(Stored data)
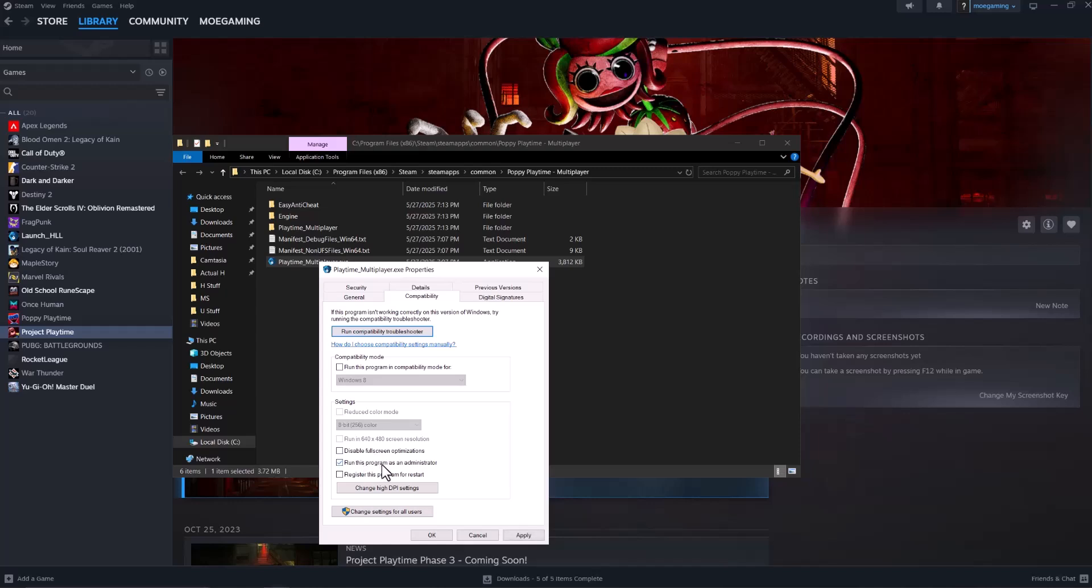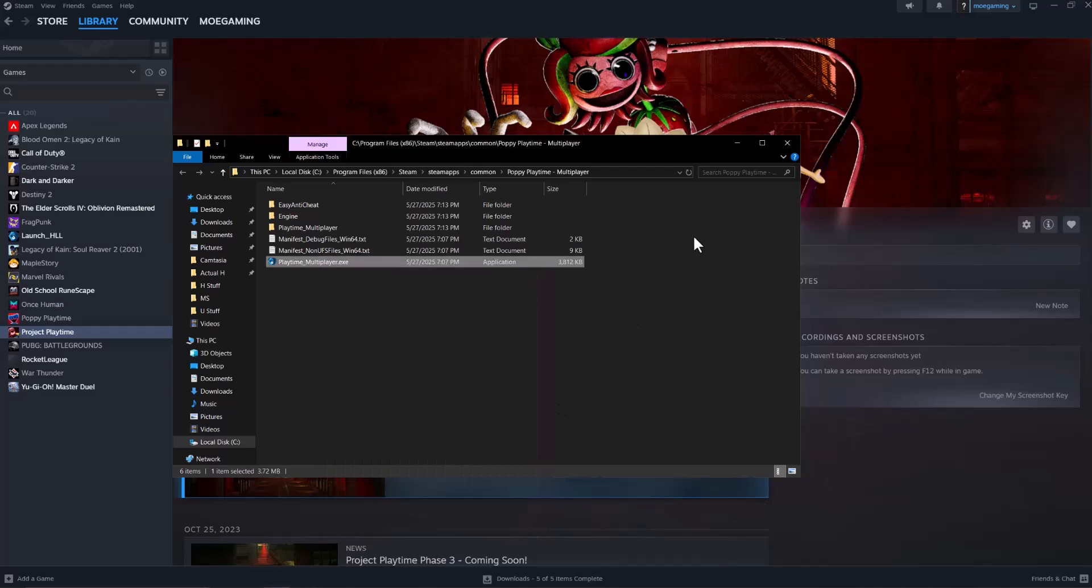If there are multiple exe files, find all of them as well. Maybe there's some in engine, maybe some in playtime, multiplayer, etc. Find all of them, do the same thing, press apply and then press okay and turn the game back on.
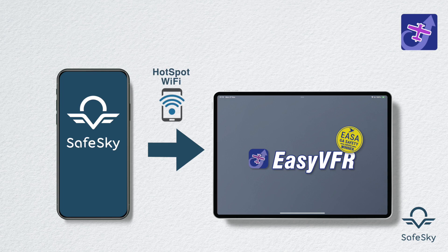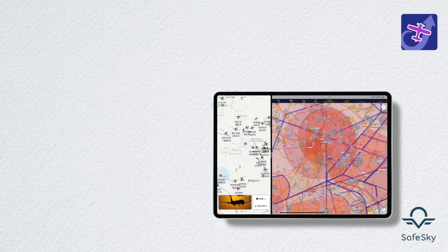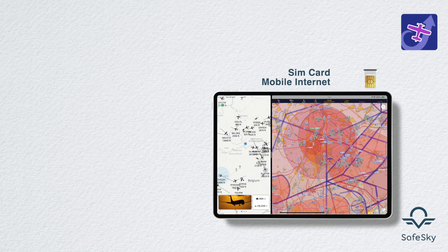To enable your tablet to connect to the mobile internet network, you can create a hotspot with your phone and connect your tablet to it. Or, more simply, equip your tablet with a SIM card for direct access to mobile internet.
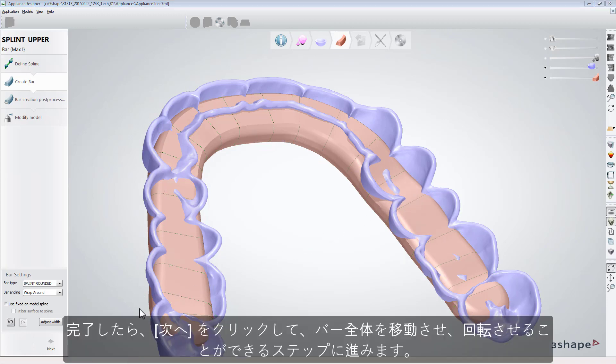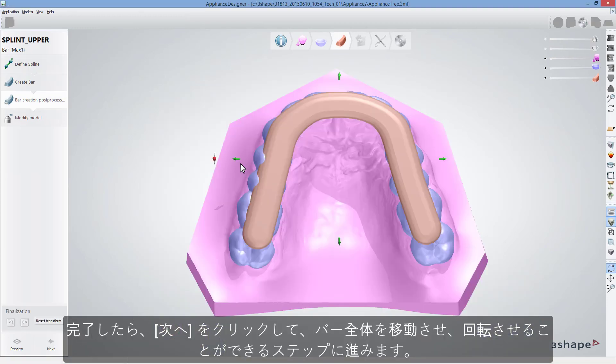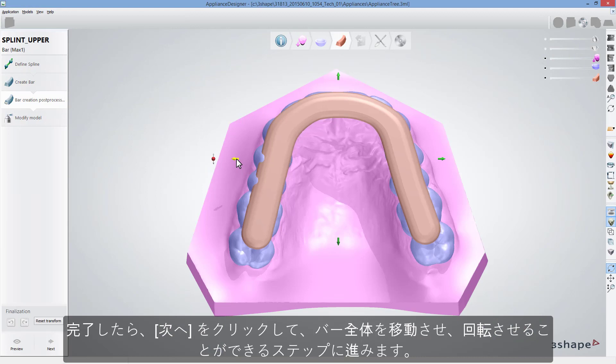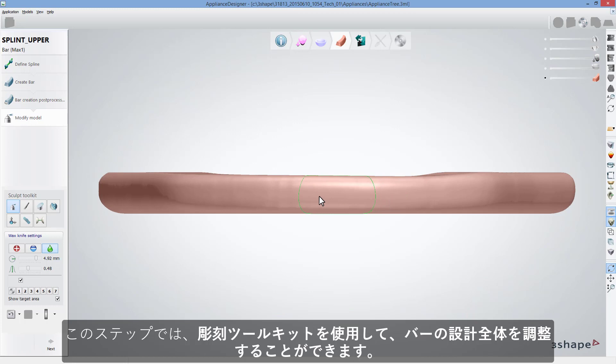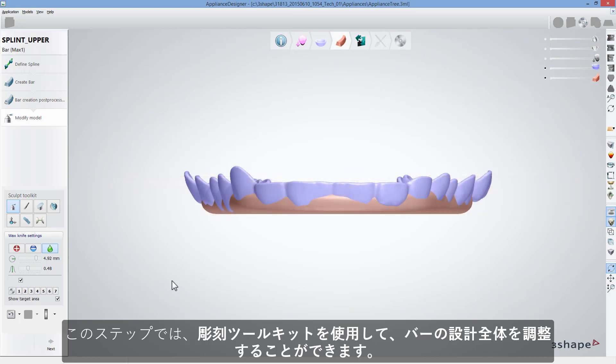When done, click Next to go to the step where you can shift the whole bar design or rotate it. At this step, you can make some adjustments to the bar design using Sculpt Toolkit.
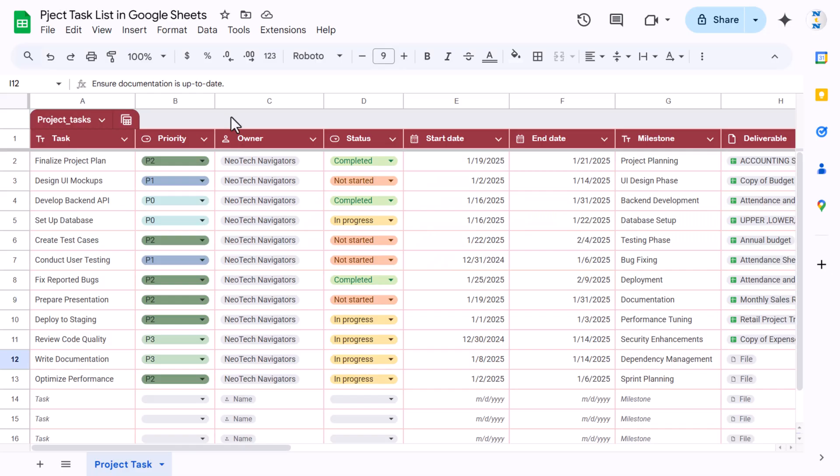Hello friends, welcome to New Tech Navigators. In this video you will learn how to create a project task list in Google Sheets. We will show you how you can quickly create this type of task list.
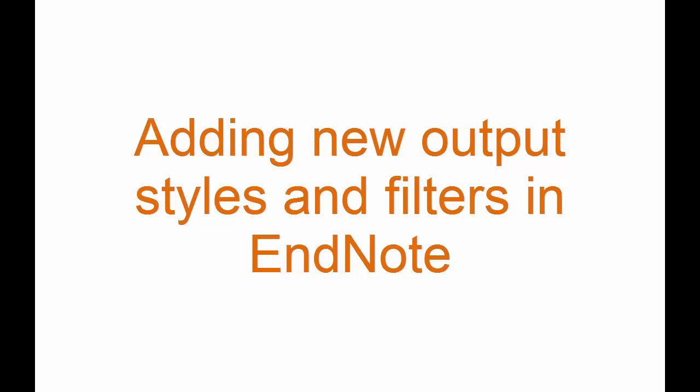In this video, I'm going to show you how to add new output styles and filters to EndNote. Sometimes you'll have a situation where the publisher wants you to use a new style that isn't currently in your version of EndNote, or a database has changed and you need a new filter. If this happens, you can go to www.endnote.com to get files to download and update yourself.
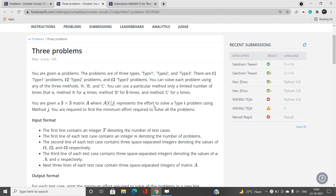We need to find the minimum total effort required to solve all problems. When I first read this problem, I thought about a greedy approach or, in the worst case, binary search. But I'm going to explain why neither of these methods is effective here — I solved it in a very different manner.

Task to complete: Copy the lines exactly. Start at the line with "In this video, I'm", end at the last line above, include both, and omit all pictures.

Your solution:
In this video, I'm going to show you how to add new output styles and filters to EndNote. Sometimes you'll have a situation where the publisher wants you to use a new style that isn't currently in your version of EndNote, or a database has changed and you need a new filter. If this happens, you can go to www.endnote.com to get files to download and update yourself.
We need to find the minimum total effort required to solve all problems. When I first read this problem, I thought about a greedy approach or, in the worst case, binary search. But I'm going to explain why neither of these methods is effective here — I solved it in a very different manner.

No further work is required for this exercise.